Re: Can you cache the unknown? (was Re: Session-ID proposal)

Daniel W. Connolly (connolly@beach.w3.org)
Thu, 24 Aug 1995 16:55:18 -0400


In message <9508241613.AA14397@bingster>, Mark S. Friedman writes:
>Bob Wyman writes:
> > On a slightly different tack... It seems like this whole business of cachin
>g
> > is getting a bit complicated... [...] it would be useful to put some
> > effort into building at least an "informational" RFC or IETF-Draft on the
> > subject of caching. Is someone already doing this? Would it make sense? If
> > it isn't being done and it does make sense, I think I'll volunteer to try t
>o
> > fix this one...
>
>I certainly support this effort. I have yet to discover a source of
>comprehensive caching info and it would be much appreciated.

Quite. I have a message in my mh drafts folder called "HTTP
Caching: rules and Heuristics" that I can't ever seem to finish
and send out.

I'm trying to come up with some Larch[1] traits to formally
specify correct behaviour of information retrieval on the web.
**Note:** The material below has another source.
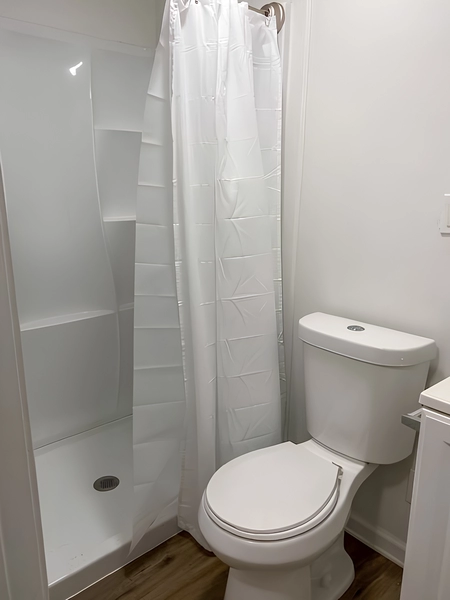 Coliving in Mableton - West Atl, Atlanta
Here's a snapshot of some working notes:

The idea is to capture the rules in Larch, ala:

WebArch: trait

includes
PartialOrder(Time for T)

introduces
rep: URI, Entity, Time, Time -> Bool
% for rep(r, e, t1, t2), read
% "from t1 to t2, e is a representation of r"
http: Request, Message -> Bool

addr: Request -> URI
date: Request -> Time

date: Message -> Time
ent: Message -> Entity
lmod: Message -> Time
exp: Message -> Time

asserts
forall r: URI, e: Entity, t1, t2, t3, t4: Time
rep(r, e, t1, t4) /\ t1 <= t2 /\ t2 <= t3 /\ t3 <= t4 =>
rep(r, e, t2, t3)

http(q, a) <=> rep(addr(q), ent(a), lmod(a), exp(a))
/\ lmod(a) <= date(q) /\ date(q) <= exp(a)

Then consider a protocol interaction like:

C1 -> P: GET http://S/path q1
P -> S: GET /path q2
S -> P: 200 ok a2
Date: tsresp
Last-Modified: tmod
Expires: texp rep('http://S/path', e, tmod, texp)
P -> C1: 200 ok a1
Forwarded: tPresp
Date: tsresp
Last-Modified: tmod
Expires: texp

C2 -> P: GET http://S/path q3

Try to prove that the proxy can return ent(a2) to C2.
1 thru 6 are the assumptions, 7 is the proof goal:

1. http(q2, a2) % origin server says so
2. addr(q3) = addr(q2) % proxy requires this
3. date(q3) < exp(a2) % proxy checks this
3' date(q3) > lmod(a2) % proxy checks this
4. ent(a3) = ent(a2) % proxy builds reply matching a2
5. lmod(a3) = lmod(a2)
6. exp(a3) = exp(a2)
7. Show http(q3, a3)
8. rep(addr(q2), ent(a2), lmod(a2), exp(a2)) 1, http I
9. rep(addr(q3), ent(a3), lmod(a3), exp(a3)) 8, 2, 4, 5, 6
10. lmod(a3) <= date(q3) /\ date(q3) < exp(a3) 3, 3', 5, 6
11. http(q3, a3) 9, 10, defn http

The trouble is that this keeps falling lower and lower on my
to-do list. :-(

Dan

p.s. note that format negotiation isn't addressed above. I'm
beginning to think that a server can't be bound to return
"the best" representation of a resource -- it just won't
scale. Rather, if a resource has multiple representations,
it must return one, and notify the client that others are
available.

And rather than asking "does the proxy return
exactly what the origin server would return?" we should ask
"does the proxy return something that the origin server
_could_ legally have returned?"

The net effect is that in the case of:
C1 prefers text to html, queries S for U via P, gets text D1
P caches U -> text D1
C2 prefers html to text, queries S for U via P, gets text D1
(because P had it cached)

P is acting correctly, provided that S has told P that the
html version is available (via URI: or Link: headers) and that P
passes this info along to C1 and C2. If the client doesn't like
what it gets, it can ask for the other version with "Pragma: no-cache"
in a subsequent transaction. The idea is that the proxy would
cache "the most popular" representation. The needs of the many...

Another idea that struck me is that the lack of an expires header
should be interpreted not as "it expires now" but "it expires
sometime soon, and clients can guess heuristically." In other
words, the onus is on the origin server to send out Expires:
headers; else proxies/clients are free to cache for some time.

The last idea I'll add here before I go is an answer to
"what does the Expires: header mean?" In the case of HTTP,
we're not so much concerned with when the data in the entity
becomes uninteresting, like a part announcement or a 3-month
sale. Rather, we're concerned with the binding between
a URL and an entity.

So in response to a query for U, an Expires header giving time t
says "the enclosed entity is a representation of the resource
identified by U until t."

Anybody who wants to help write this document is welcome to
step in!

Dan